▶ [DATA SHOWN]:
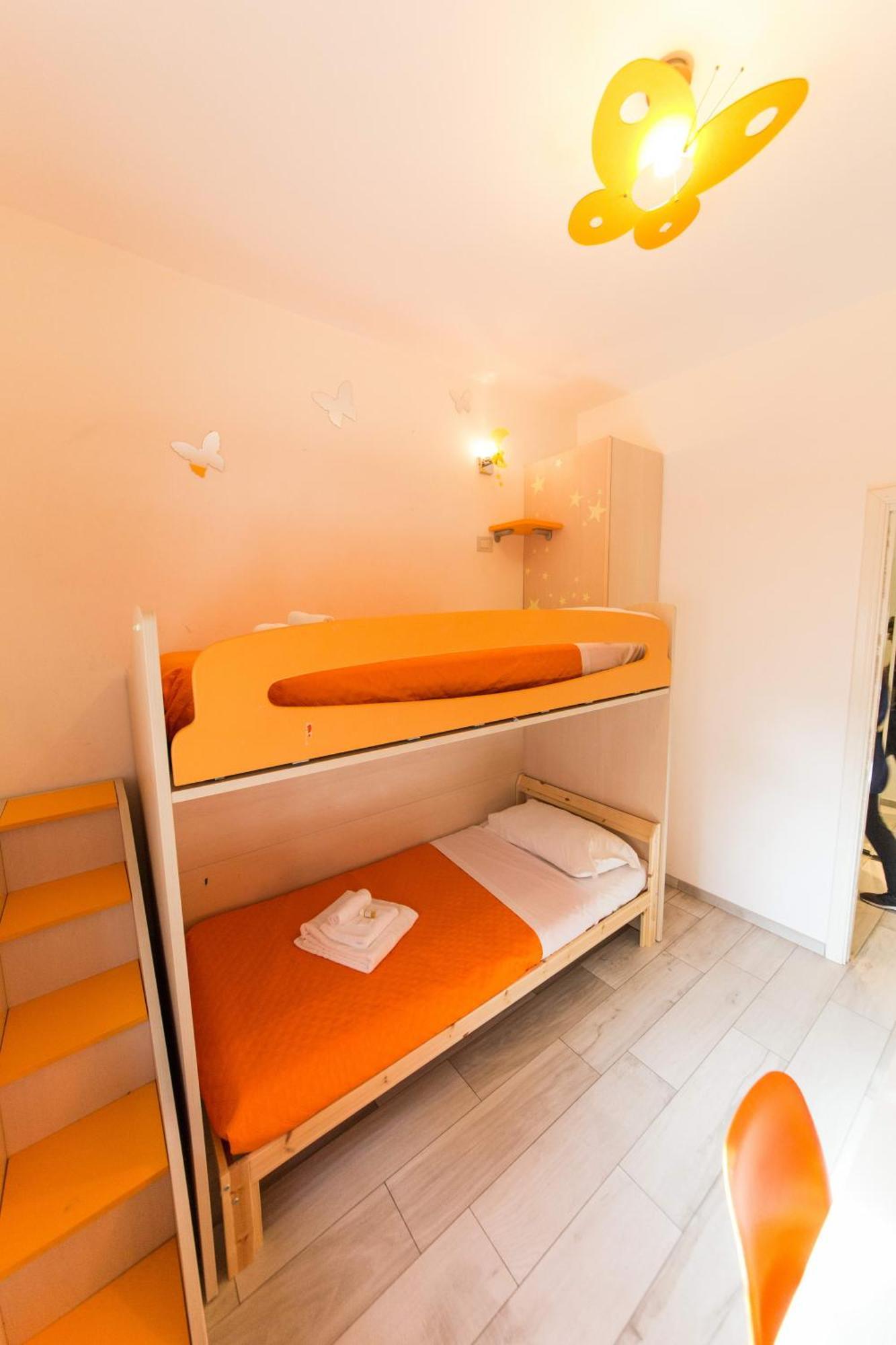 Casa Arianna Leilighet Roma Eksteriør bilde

* * *

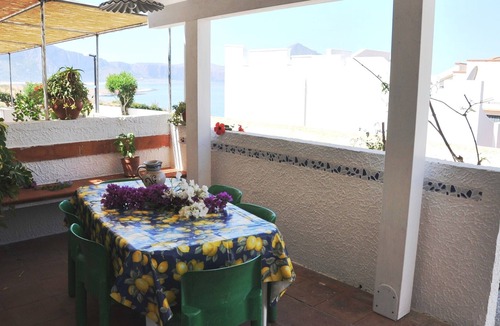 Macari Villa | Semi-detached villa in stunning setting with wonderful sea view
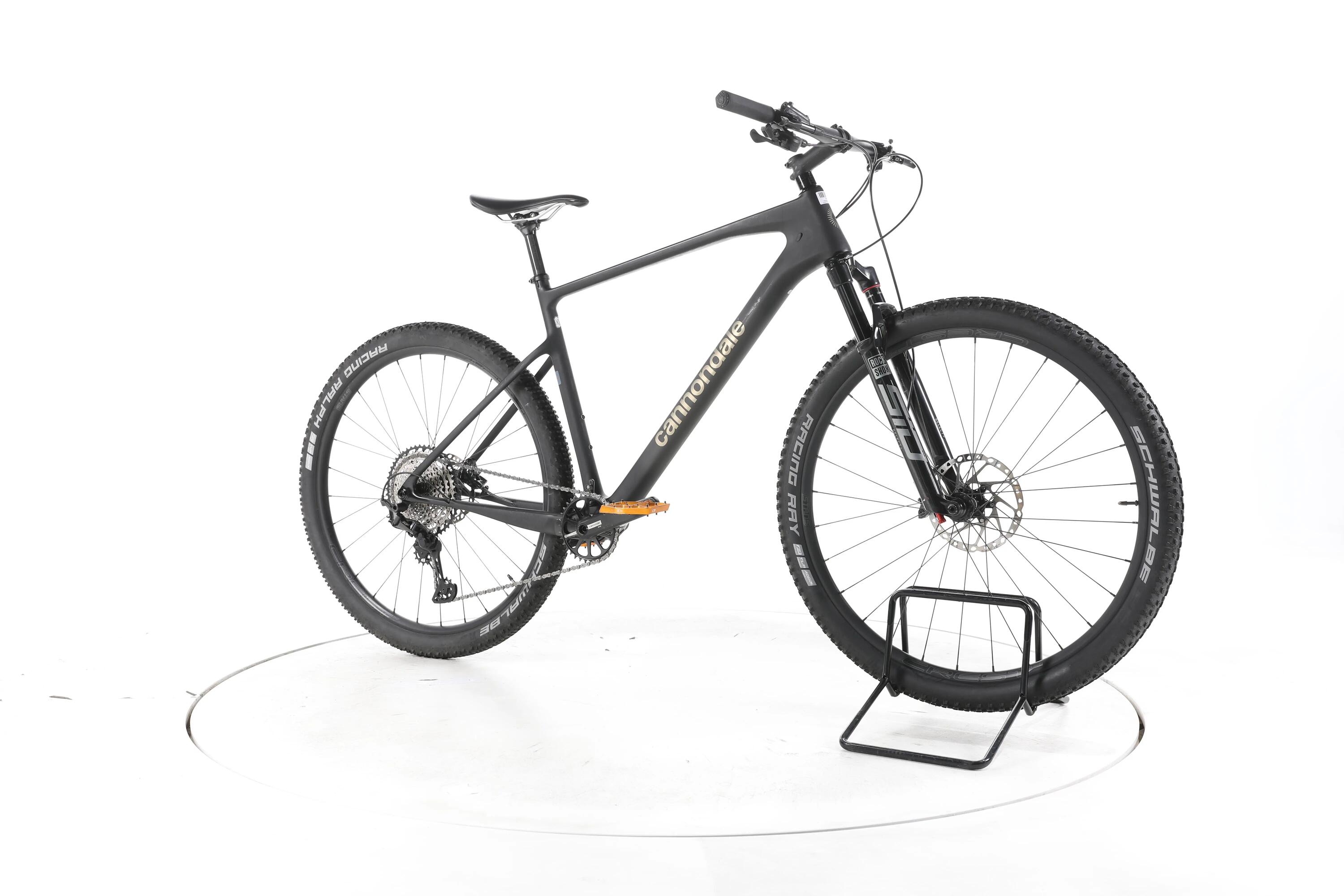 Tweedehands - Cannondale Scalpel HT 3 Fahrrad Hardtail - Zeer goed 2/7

▶ [YOUR TASK]: Above are some records; extract exactly the lines from the one containing "Macari Villa |" through the one containing "Tweedehands - Cannondale" and drop the pictures.

▶ [EXERCISE ANSWER]:
 Macari Villa | Semi-detached villa in stunning setting with wonderful sea view
 Tweedehands - Cannondale Scalpel HT 3 Fahrrad Hardtail - Zeer goed 2/7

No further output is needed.